Our model is built upon meta-llama/Llama-3.2-11B-Vision-Instruct. Llama 3.2 is licensed under the LLaMA 3.2 Community License, Copyright © Meta Platforms, Inc. The use of our model must comply with Meta’s Acceptable Use Policy.

Model Details

License: apache-2.0
Finetuned from model: meta-llama/Llama-3.2-11B-Vision-Instruct

Code: https://github.com/PKU-YuanGroup/LLaVA-CoT

Benchmark Results

MMStar	MMBench	MMVet	MathVista	AI2D	Hallusion	Average
57.6	75.0	60.3	54.8	85.7	47.8	63.5

Reproduction

To reproduce our results, you should use VLMEvalKit and the following settings.

Parameter	Value
do_sample	True
temperature	0.6
top_p	0.9
max_new_tokens	2048

You may change them in this file, line 80-83, and modify the max_new_tokens throughout the file.

Note: We follow the same settings as Llama-3.2-11B-Vision-Instruct, except that we extend the max_new_tokens to 2048.

After you get the results, you should filter the model output and only keep the outputs between <CONCLUSION> and </CONCLUSION>.

This shouldn't have any difference in theory, but empirically we observe some performance difference because the jugder GPT-4o can be inaccurate sometimes.

By keeping the outputs between <CONCLUSION> and </CONCLUSION>, most answers can be direclty extracted using VLMEvalKit system, which can be much less biased.

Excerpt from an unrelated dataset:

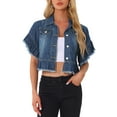 thumbnail image 1 of Blusas de mezclilla INSPIRE CHIC para mujer, con volantes, de manga corta, livianas, con dobladillo peplum, camisa de mezclilla azul oscuro M, 1 of 1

How to Get Started with the Model

You can use the inference code for Llama-3.2-11B-Vision-Instruct.

Training Details

Training Data

The model is trained on the LLaVA-CoT-100k dataset.

Training Procedure

The model is finetuned on llama-recipes with the following settings. Using the same setting should accurately reproduce our results.

Parameter	Value
FSDP	enabled
lr	1e-5
num_epochs	3
batch_size_training	4
use_fast_kernels	True
run_validation	False
batching_strategy	padding
context_length	4096
gradient_accumulation_steps	1
gradient_clipping	False
gradient_clipping_threshold	1.0
weight_decay	0.0
gamma	0.85
seed	42
use_fp16	False
mixed_precision	True

Bias, Risks, and Limitations

The model may generate biased or offensive content, similar to other VLMs, due to limitations in the training data. Technically, the model's performance in aspects like instruction following still falls short of leading industry models.